The objection is understandable. It is also completely wrong. And the reason it is wrong is not ideological. It is physical.
The inflationary surcharge has nothing to do with how much money someone has. It has everything to do with what that money is doing. Specifically: whether it is moving or standing still. And in monetary systems, as in physics, the difference between movement and stillness is the difference between energy and inertia.
1. The Equation That Runs Every Economy
In 1911, economist Irving Fisher formalized something that traders and merchants had understood intuitively for centuries. He called it the Equation of Exchange:
M x V = P x T
M is the money supply — the total quantity of currency in circulation. V is the velocity of money — how many times each unit changes hands in a given period. P is the price level — what things cost. T is the volume of real transactions — how much actual economic activity is occurring.
The equation is not a theory. It is an identity — a mathematical relationship that is true by definition, the way 2+2=4 is true by definition. If M increases but V decreases proportionally, P stays the same. If V increases without any change in M, T can grow without inflation. The four variables are linked. You cannot change one without affecting the others.
This single equation exposes something that most monetary policy discussions completely ignore: inflation is not only a function of how much money exists. It is a function of how fast that money moves. A large money supply circulating rapidly can be less inflationary than a smaller money supply sitting still — because the velocity term V is doing as much work as the quantity term M.
Printing more money is not always inflationary. Hoarding existing money is not always harmless. What matters is not just how much money exists. What matters is what the money is doing.
2. The Liquidity Trap: When Money Goes on Strike
John Maynard Keynes identified the most dangerous consequence of this dynamic in 1936. He called it the liquidity trap.
When economic uncertainty rises — or when the return on investment falls below the psychological threshold at which people feel comfortable deploying capital — something strange happens. People and institutions stop circulating money. They accumulate it. They hold cash, fill deposit accounts, park wealth in instruments that generate minimal return but maximum security. The money supply does not shrink. But V — the velocity term — collapses.

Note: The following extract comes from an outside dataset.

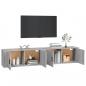 Preview: TV-Wandschränke 2 Stk. Grau Sonoma 100x34,5x40 cm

The result, paradoxically, is deflationary pressure and economic stagnation — not because there is not enough money in the system, but because the money that exists has effectively gone on strike. It is present but not participating. It is counted in M but removed from MxV. It is wealth that has withdrawn its labor from the economy that needs it.
The Great Depression demonstrated this with devastating clarity. Between 1929 and 1933, the velocity of money in the United States fell by approximately 50%. Not because the money supply collapsed — it did shrink, but not by half. Because the money that remained was being hoarded by institutions and individuals who had lost confidence in the economy. The result was a deflationary spiral that destroyed more real wealth than the initial financial crash.
Roosevelt’s New Deal was effective not primarily because it increased M — the money supply. It was effective because it broke the liquidity trap. It gave people and institutions a reason to move their money — through public works contracts, through employment guarantees, through the simple signal that the government was willing to act as spender of last resort. V recovered. And when V recovered, the economy began to breathe again.
3. The Euthanasia of the Rentier: Keynes Saw It Coming
In the same 1936 work, Keynes made a prediction that was considered radical at the time and remains controversial today. He called it the “euthanasia of the rentier.”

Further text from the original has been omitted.